MANILA, Philippines – Without fixed wages and not covered by social protection benefits, the country’s informal sector workers are among those who stand to be worst hit with the implementation of the Tax Reform for Acceleration and Inclusion (TRAIN) bill,a labor federation said Monday.

The Associated Labor Unions-Trade Union Congress of the Philippines (ALU-TUCP) estimated around 15.6 million underground economy workera will be affected when the TRAIN bill is signed into law.

Expected to be signed into law on Tuesday, December 19, the measure reduces the individual income tax, but increass the excise tax on fuel products, new vehicles, tobacco products, and sweetened beverages that could push up prices of commodities.

“Informal sector workers working in the informal economy will be run over by the TRAIN,” Alan Tanjusay, ALU-TUCP spokesperson, said.
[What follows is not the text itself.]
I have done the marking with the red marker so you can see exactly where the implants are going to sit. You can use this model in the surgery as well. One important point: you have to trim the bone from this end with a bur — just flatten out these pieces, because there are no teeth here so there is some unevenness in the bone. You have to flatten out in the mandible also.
“Getting no direct benefits from the tax reform package, these underground economy workers will fall further way below the poverty. Many forms of poverty will manifest because of widening poverty created anew by this TRAIN,” he added.

Informal economy workers are those independent, self-employed, small-scale producers and distributors of goods and services. They may be jeepney drivers, tricycle drivers, pedicab drivers, taxi drivers, all kinds of vendors, sales attendants, barbers, cooks, waiters, dishwashers in carinderias and canteens, tailors, sewers, porters and street sweepers.
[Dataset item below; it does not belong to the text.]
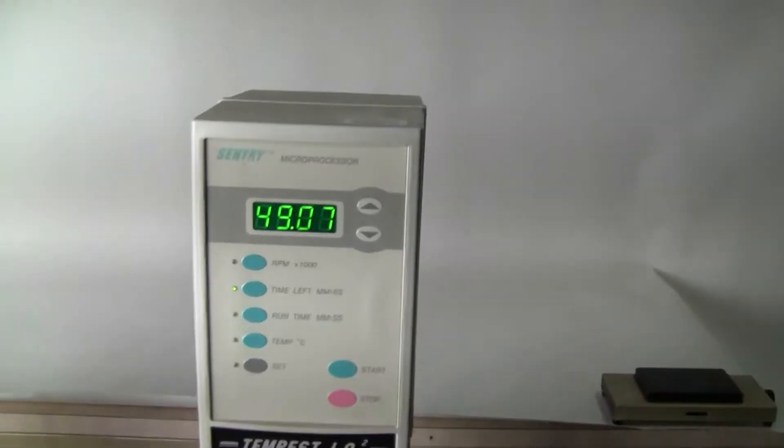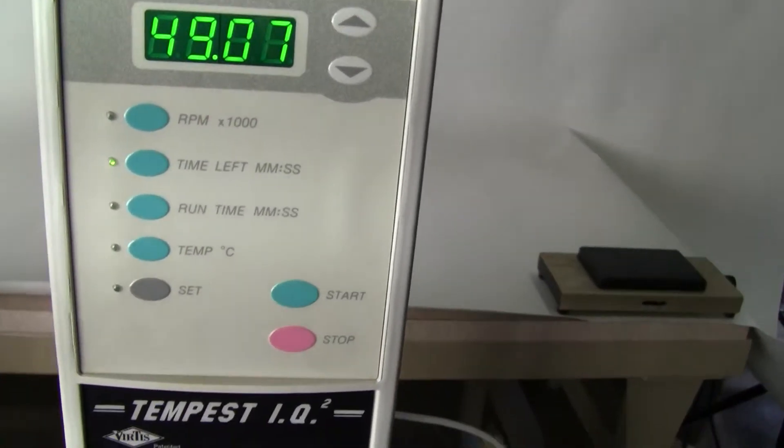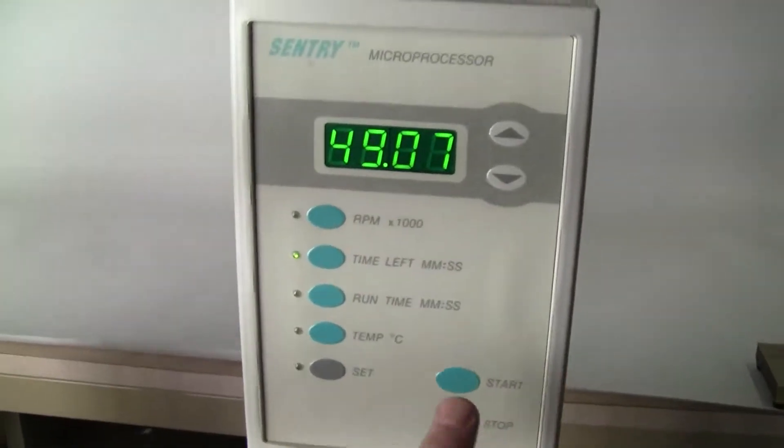It's fully programmable, up to 30,000 RPMs. You can also program timing on it and temperature. I have it set for 10,000 RPMs right now. Let's take a look at it.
Though the TRAIN widened the base of those exempt from income tax from minimum wage earners to mid-level wage earners by exempting those employees getting P250,000 a year or P21,000 a month and raised taxable bonuses from P82,000 to P90,000, these cannot mitigate the impact of TRAIN on the underground workers, Tanjusay said.

“Underground economy workers will be impacted by the rise in prices of commodities and in increase in the cost of services caused specifically by the TRAIN’s excise tax on fuel, sweetened beverages, and coal,” he said.
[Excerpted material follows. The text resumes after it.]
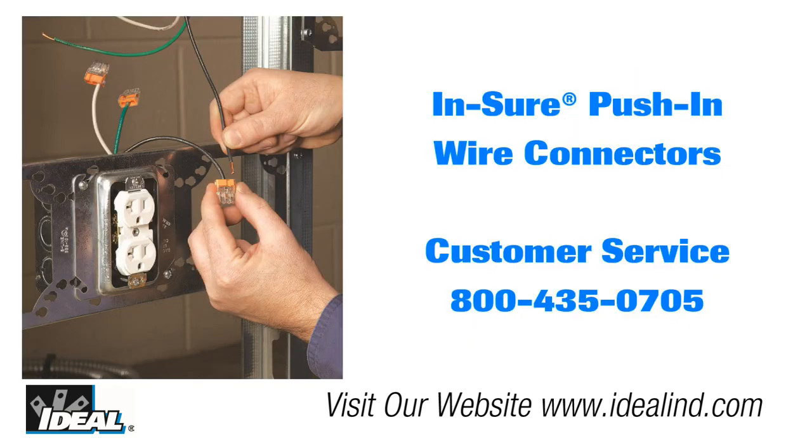If you would like to learn more about the Ideal Insure push-in wire connectors, please contact our customer service department or visit our website to find a local distributor nearby. Thanks for watching folks. I'm Ron with Ideal, and I'll see you on the next one.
Informal economy workers are not covered by labor laws and standards. They have no Social Security System (SSS), Philhealth, and Pag-ibig, unlike the waged employees.

“The TRAIN has no policy or program for them. We urge government to improve its social safety net protection to underground economy workers to save them further from falling deep into extreme poverty. This is the only way we can protect them,” he said.